• DATASET RECORDS:
* * * * * * * * *

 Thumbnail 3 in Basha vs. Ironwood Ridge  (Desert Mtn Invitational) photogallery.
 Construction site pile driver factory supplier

* * * * * * * * *

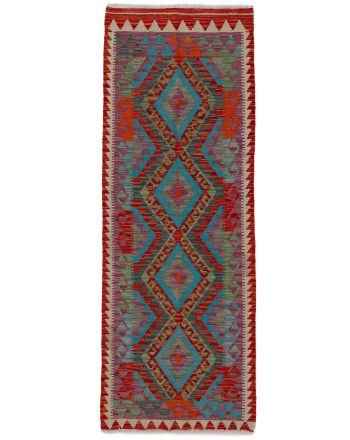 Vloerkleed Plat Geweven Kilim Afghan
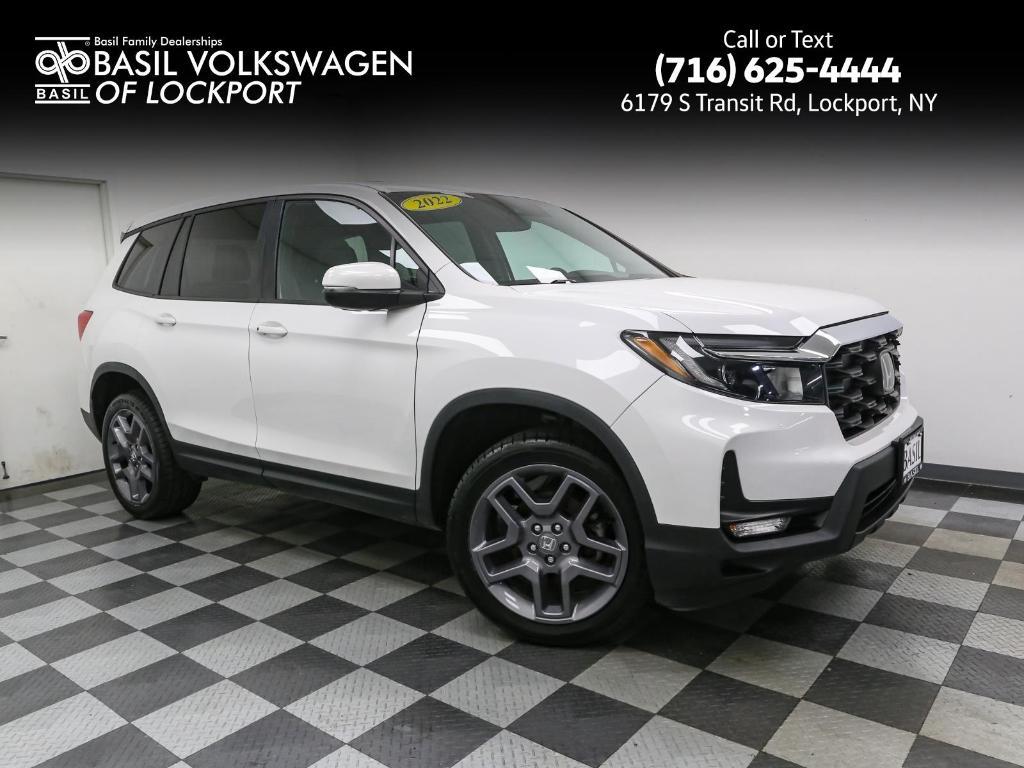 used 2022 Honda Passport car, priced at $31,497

* * * * * * * * *

Copy back exactly the lines above from the one containing "Vloerkleed Plat Geweven Kilim Afghan" through the one containing "used 2022 Honda", and leave every picture behind.

• SOLUTION TO THE EXERCISE:
 Vloerkleed Plat Geweven Kilim Afghan
 used 2022 Honda Passport car, priced at $31,497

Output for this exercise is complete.